(Beginning of EXTRACTED MATERIAL)

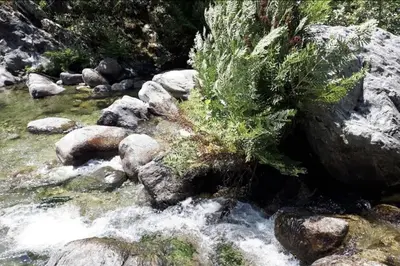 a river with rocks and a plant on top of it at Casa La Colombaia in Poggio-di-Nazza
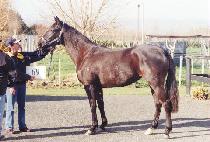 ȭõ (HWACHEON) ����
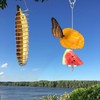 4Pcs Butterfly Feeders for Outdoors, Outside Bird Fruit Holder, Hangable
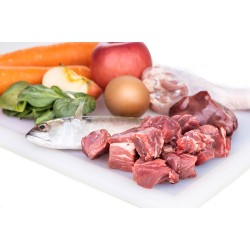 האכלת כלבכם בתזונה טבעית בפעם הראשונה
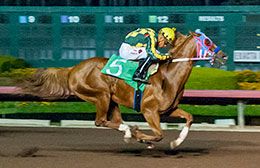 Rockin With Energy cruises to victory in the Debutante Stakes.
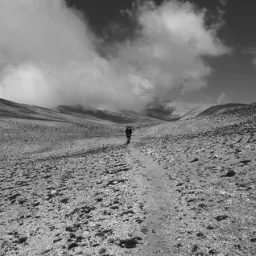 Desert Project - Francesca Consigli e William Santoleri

(End of EXTRACTED MATERIAL)
(Beginning of EXTRACTED MATERIAL)

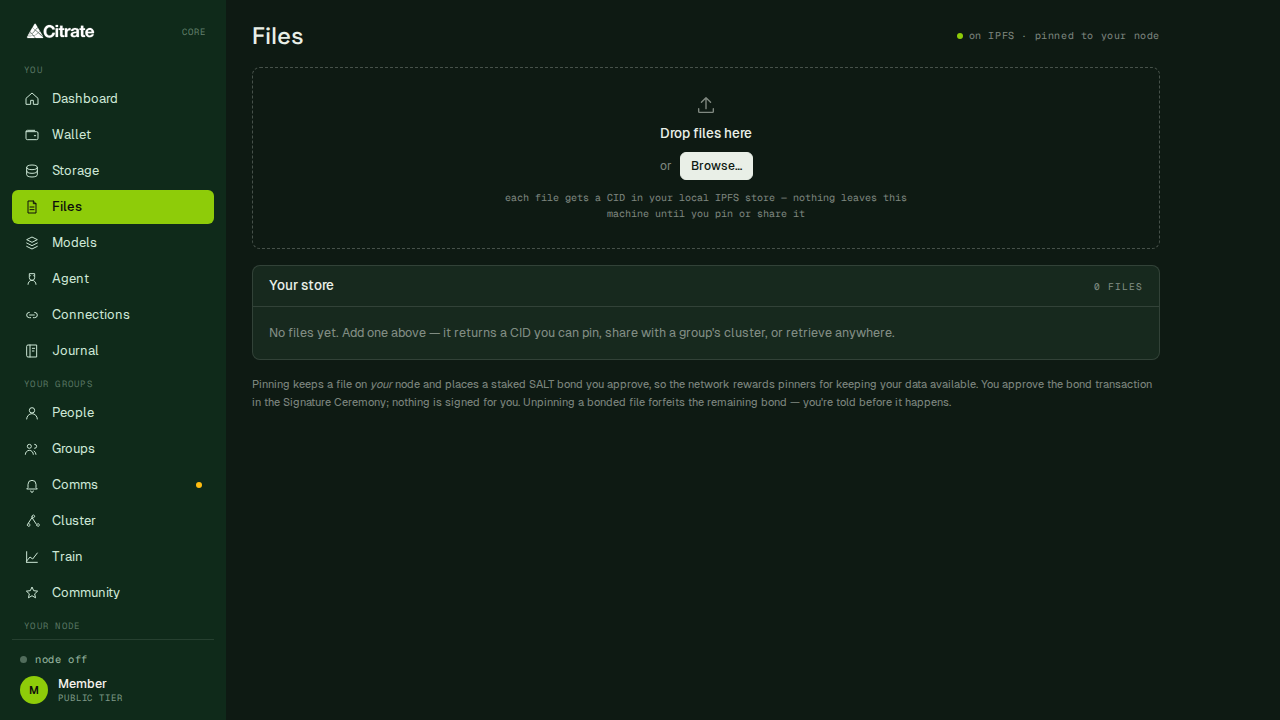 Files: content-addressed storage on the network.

(End of EXTRACTED MATERIAL)

> [WHAT THIS TASK INVOLVES] Look above for the line with "a river with" and the line with "Desert Project - Francesca". Output those two and everything between them exactly, pictures excluded.

> [REPLY TO THE EXERCISE]
 a river with rocks and a plant on top of it at Casa La Colombaia in Poggio-di-Nazza
 ȭõ (HWACHEON) ����
 4Pcs Butterfly Feeders for Outdoors, Outside Bird Fruit Holder, Hangable
 האכלת כלבכם בתזונה טבעית בפעם הראשונה
 Rockin With Energy cruises to victory in the Debutante Stakes.
 Desert Project - Francesca Consigli e William Santoleri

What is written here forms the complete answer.